The next woman I went to seek out was playing solitaire on the computer. “Can I talk to you for a bit?”, I asked in Hebrew. “No, I don’t speak Hebrew.”

Okay, now I found someone who wanted to speak in Spanish. I told her I was happy to practice my Spanish with her. Another young woman who was also volunteering there joined us. Our new friend then went into great detail about her life in Israel. She told us how she had left Argentina just 17 years ago, so she still doesn’t feel comfortable in Hebrew. They lived on a kibbutz and she only had to work 2 hours a day. The kibbutz is close to Tzfat, but even a higher elevation, so the air is extremely clean and fresh, even more than Tzfat. But…

Something happened. There were 64 days that they didn’t hear anything from him. Can you imagine, not knowing what happened, for that long? Finally, on Monday afternoon at 6 pm, they heard.

And then we went back to talking about her son who lives in Acco (Acre) and works in the port, so she’s very worried about his safety with the rocket attacks, since he’s always in the open.

Finally it was lunch time and she was getting ready to leave. Her smile was probably going to make her cheeks hurt later on that evening, and she hoped we would see her again soon.
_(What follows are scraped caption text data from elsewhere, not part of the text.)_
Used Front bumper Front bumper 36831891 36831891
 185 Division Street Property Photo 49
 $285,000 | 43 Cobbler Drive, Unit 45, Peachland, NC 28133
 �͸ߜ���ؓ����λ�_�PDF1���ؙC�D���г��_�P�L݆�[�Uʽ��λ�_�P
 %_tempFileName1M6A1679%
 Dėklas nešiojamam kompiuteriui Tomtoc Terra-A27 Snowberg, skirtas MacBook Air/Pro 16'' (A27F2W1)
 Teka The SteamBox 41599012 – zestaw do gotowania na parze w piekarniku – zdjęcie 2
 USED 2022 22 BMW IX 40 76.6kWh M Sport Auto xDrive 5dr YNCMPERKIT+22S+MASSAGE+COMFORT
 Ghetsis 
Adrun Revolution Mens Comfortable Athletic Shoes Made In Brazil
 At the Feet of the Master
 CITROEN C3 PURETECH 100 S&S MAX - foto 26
After she left, my  young comrade said to me, “I’m so glad you were here with me, so you could fill in the blanks of what I didn’t understand!”
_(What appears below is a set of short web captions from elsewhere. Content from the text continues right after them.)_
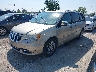 2C4RC1CG1ER****** Used and Repairable 2014 Chrysler Town & Country in Chicago South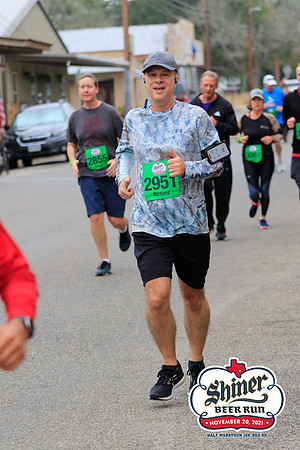 20211120ShinerBeerRunJ-9977
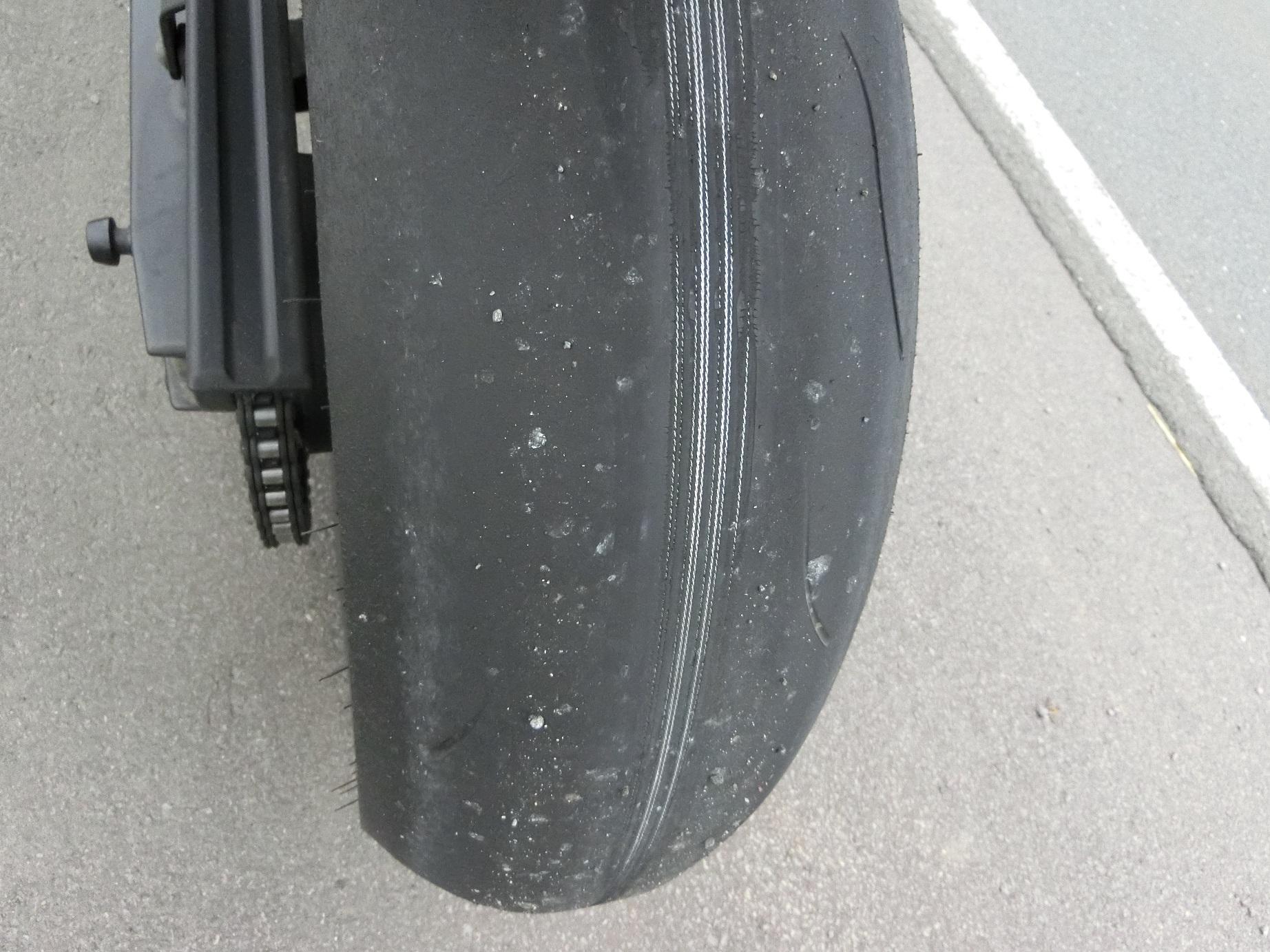 バイクブロスコミュニティ バイクブロスコミュニティ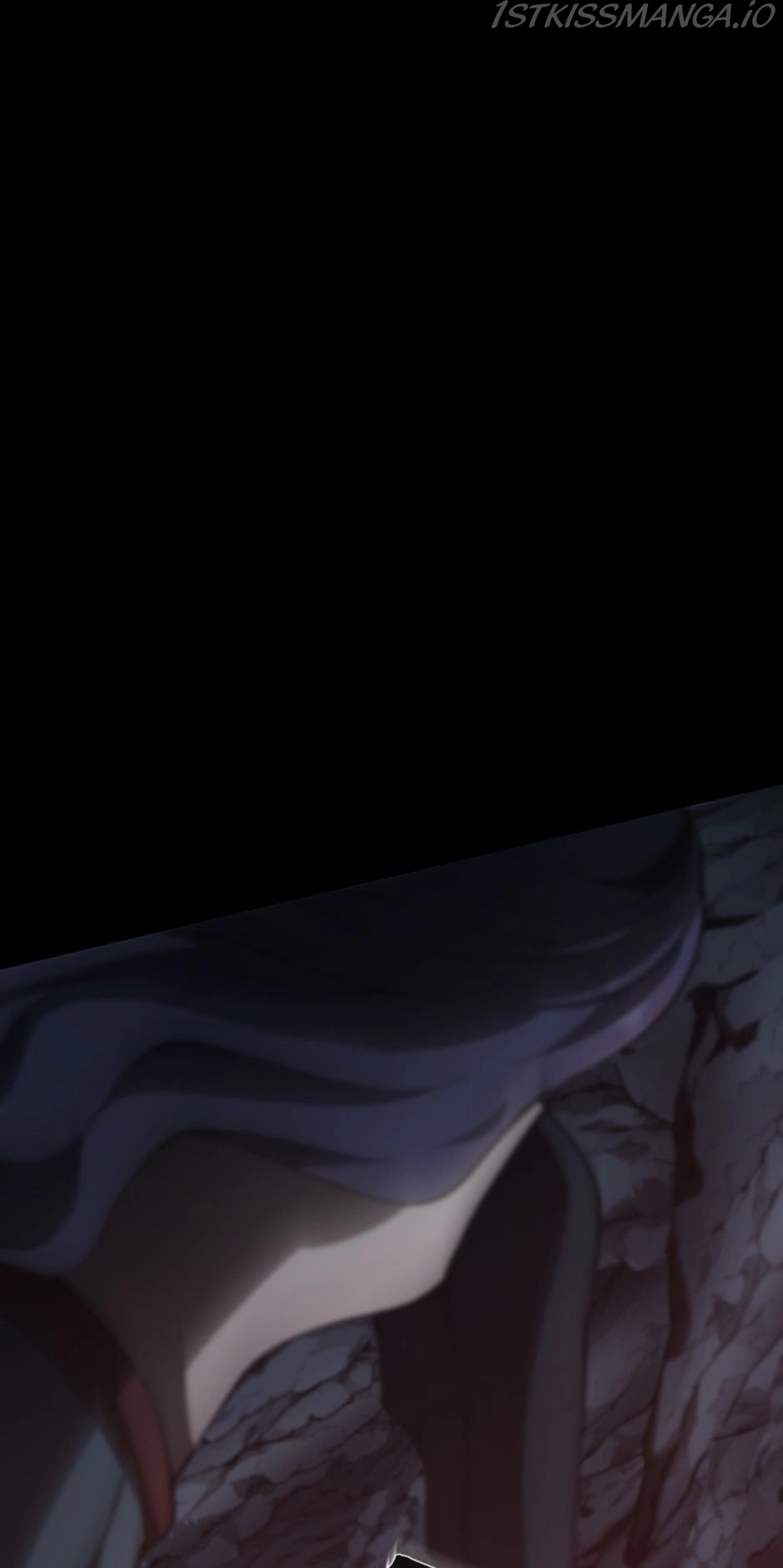 The Beginning After The End Chapter 171 page 40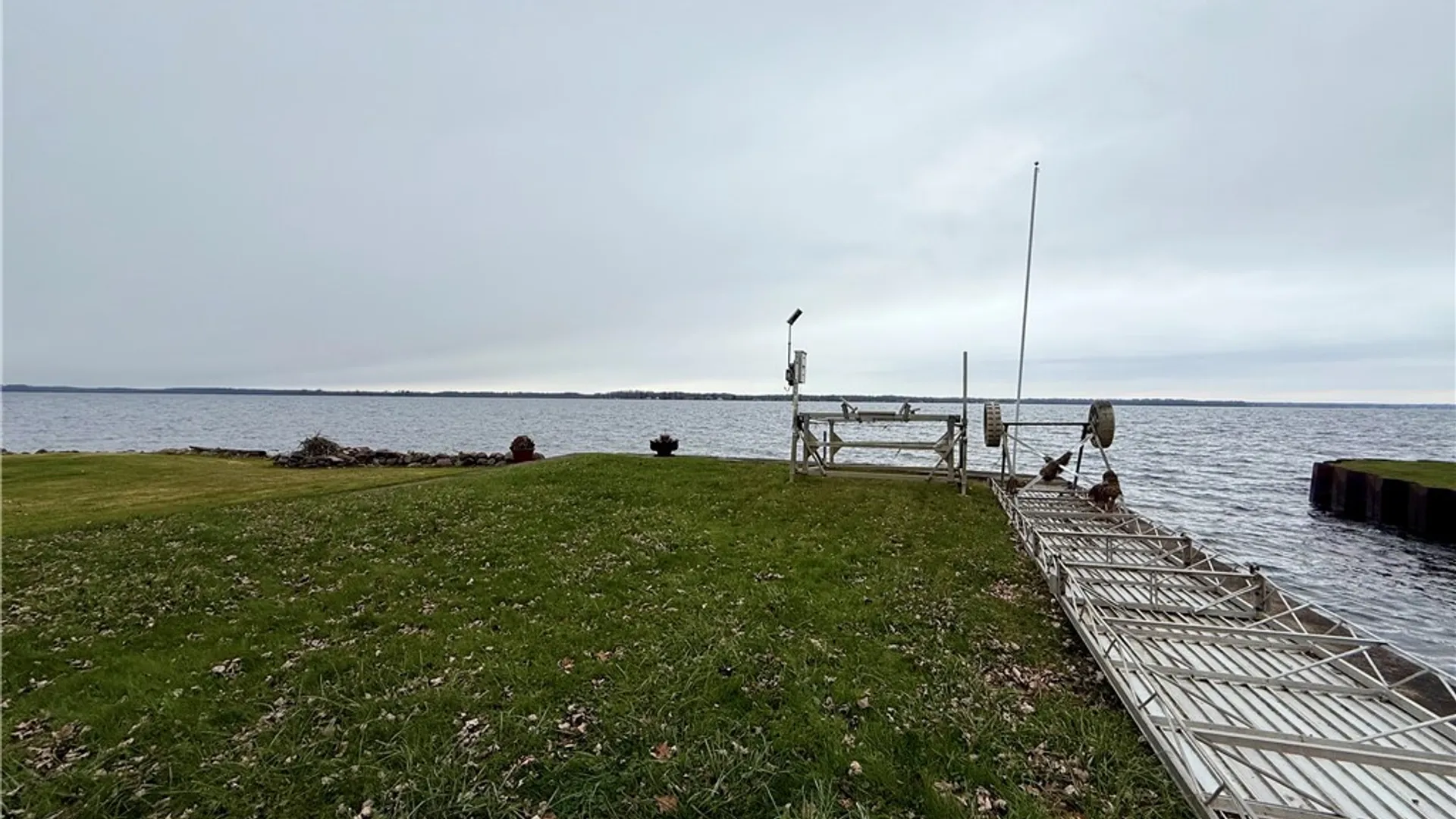 Property at 6214 Muskrat Bay Road, Cicero, NY 13029 4
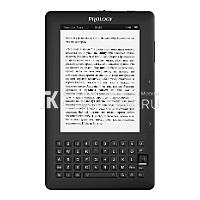 Ремонт электронной книги Prology Latitude I-600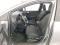 preview Ford Puma #4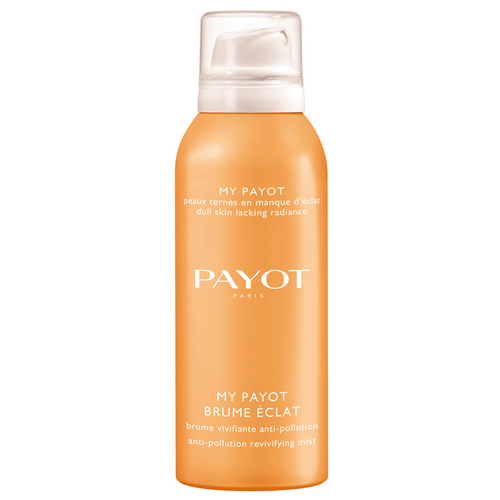 Payot Спрей-дымка для сияния кожи My Payot 125 мл (Payot, My Payot) payot my payot jour and my payot regard set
“Oh, I was hoping the exact same thing from you!”

Simultaneously, we both said, “what was the bit about the 64 days? Who was missing and what happened to him????”

And we laughed, knowing it didn’t matter. We were listening now.

Today, I went in to meet up with my new friends. I was eager to find a way to figure out what really happened. But she did not want to speak today. The war is hard on her mind. She would rather stay playing solitaire on the computer. So I honored her and went to find some other friends.

I heard so much pain and so much experience from my friends. I hope to always be able to listen and learn.